En general, esta corriente de pensamiento no está mal, pues el ser humano busca estabilidad y, en el contexto actual, las carreras en el área de las humanidades, no son del todo remuneradas o bien valoradas. Ser escritor o poeta, cantante o pintor, cuesta en pleno siglo XXI, donde necesariamente quienes se dedican a este tipo de oficios, deben tener otras fuentes de ingreso, salvo contadas excepciones, para mantenerse a flote.
Hoy, me inclino con el corazón henchido de orgullo, por todos los seres sensibles. Pues, a pesar de las múltiples vicisitudes que atraviesan, elevan su voz y su sentir por medio del arte, para dejar una impronta de los procesos sociales que acontecen a su alrededor. Brindo por quienes al tomar un lápiz o pincel, toman entre sus manos materiales varios y generan formas estéticas que nos enseñan que la vida es mucho más que apariencia. Sus representaciones nos guían a la esencia y nos conectan con el interior.
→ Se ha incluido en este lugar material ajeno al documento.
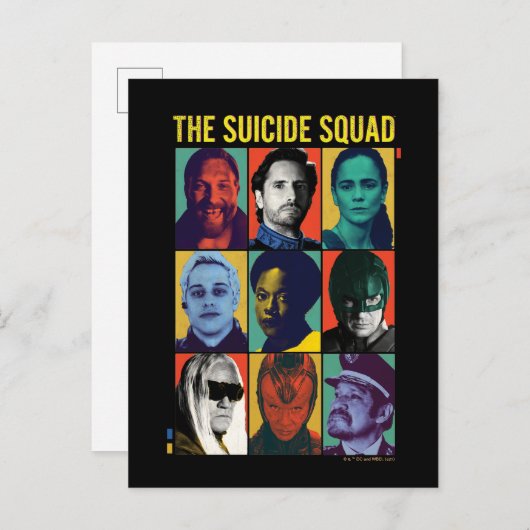 The Suicide Squad | Retro Grid With Amanda Waller Postkarte (Vorne/Hinten)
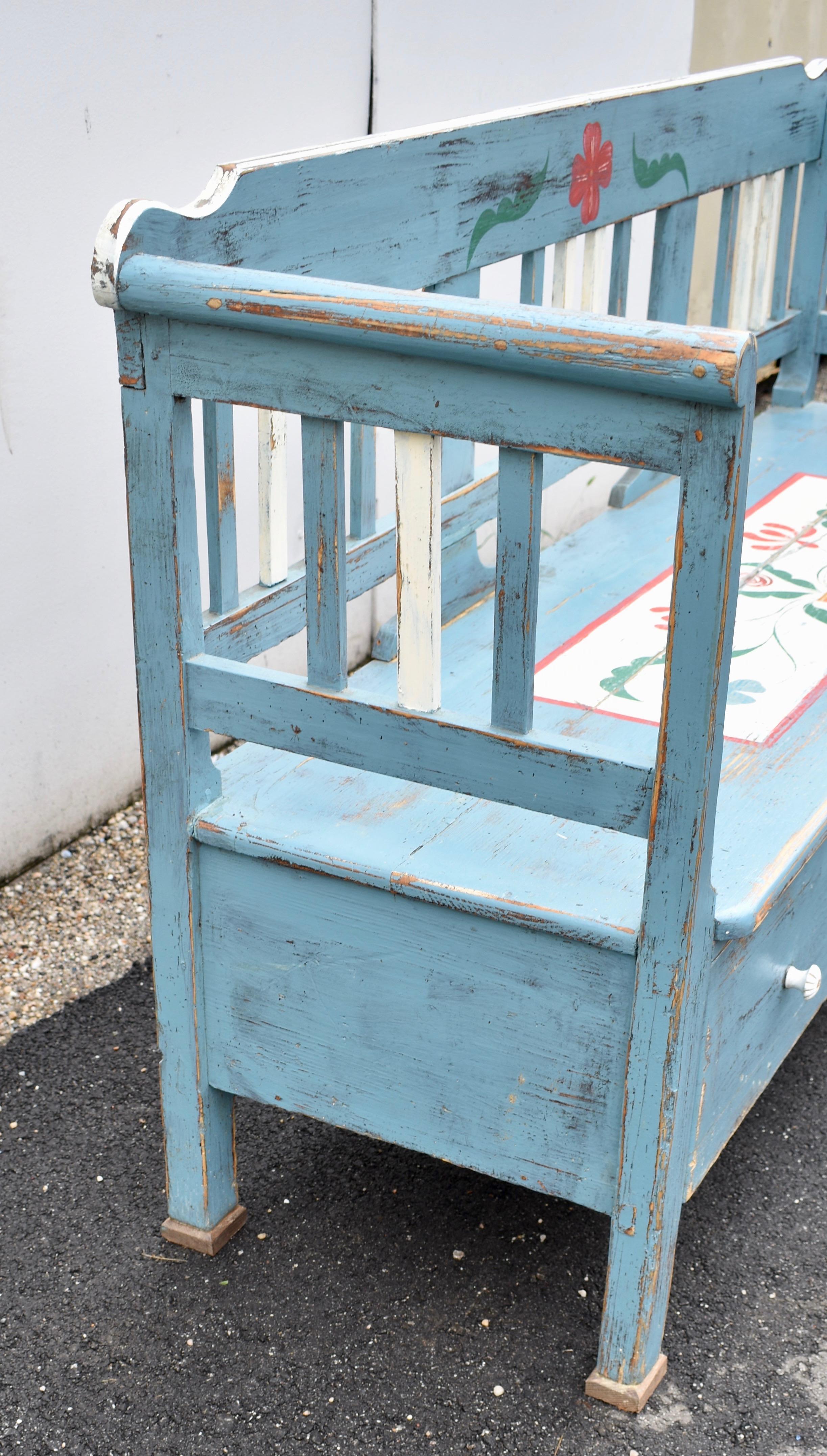 European Painted Pine Storage Bench or Settle For Sale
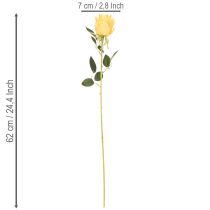 Product Artificial Yellow Long-Stem Roses Set of 12, 62cm, Silk & Plastic for Indoor Decoration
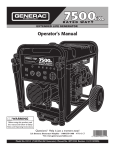 Generac 101 9-3 Portable Generator User Manual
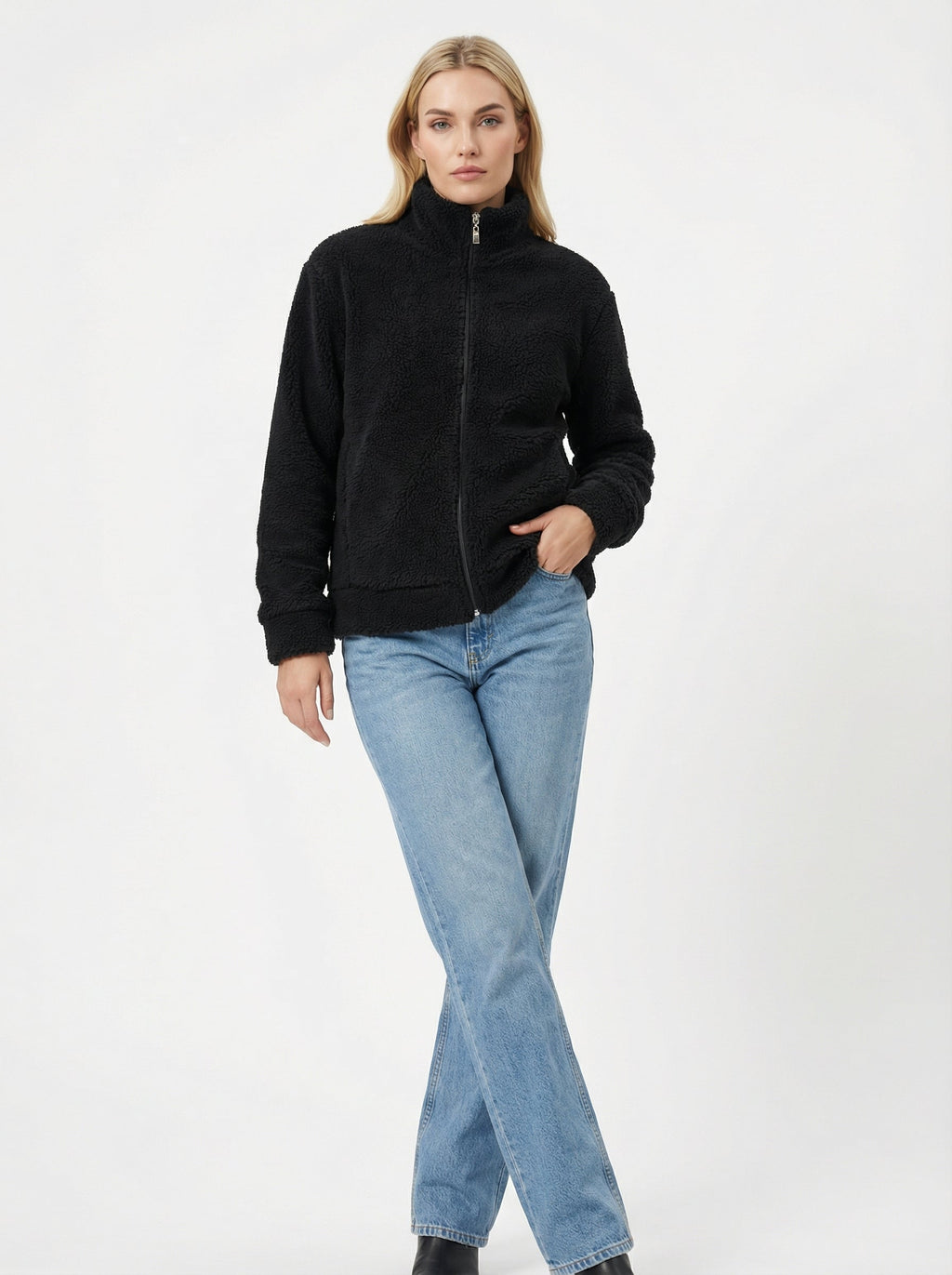 Giacca Teddy Fleece Collo Alto Full Zip Calda e Confortevole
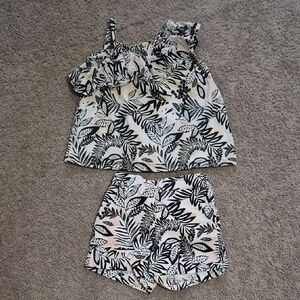 Janie and Jack Black and Cream Leaf Print Set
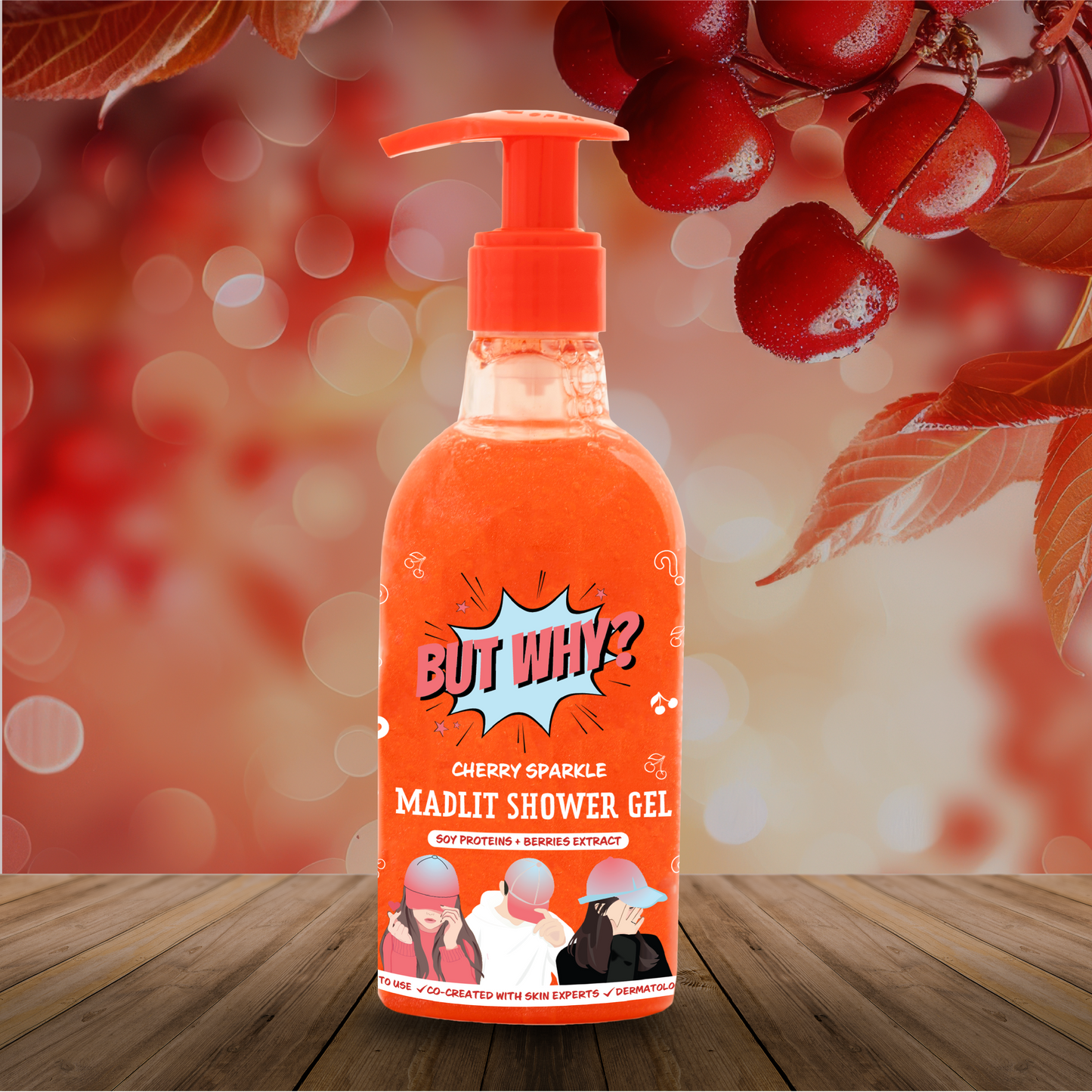 Kids Cherry Sparkle Moisturizing Body Wash with Berry Extracts for Sensitive Skin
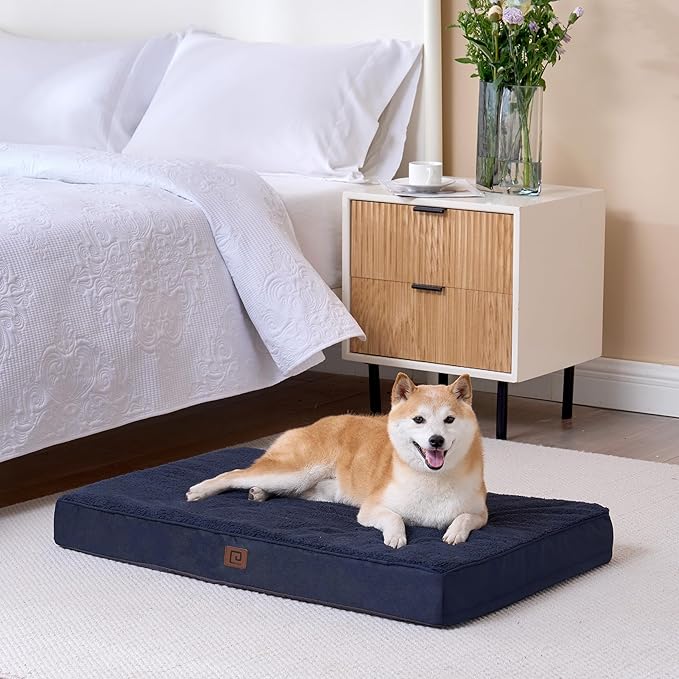 EHEYCIGA Orthopedic Dog Beds for Large Dogs with Removable Washable Cover for Crate 35x23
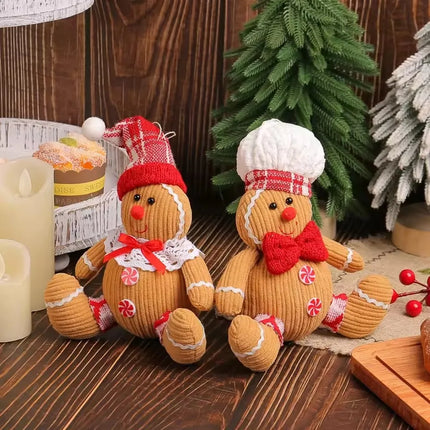 Gingerbread Christmas Decoration Xmas Tree Decoration Cute Christmas Figure Decor Gingerbread Doll for Tabletop Bedroom Shelf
Situarnos frente a una obra de arte, nos permite reconocer un universo paralelo que despierta los sentidos y estimula la imaginación. Volvemos a conectar con el niño guardado que, como “El Principito”, no dejaba de soñar. Y es que, en la medida en que crecemos, nos dejamos influir por la rutina y vamos perdiendo la capacidad de apreciar los pequeños y maravillosos detalles de la existencia. El artista, por fortuna, conserva su sensibilidad y deja aflorar los detalles que integran su mundo de fantasía, logrando cautivar la mirada de quien se tome unos segundos para conectar con el placer que genera el arte. Feliz día del artista plástico.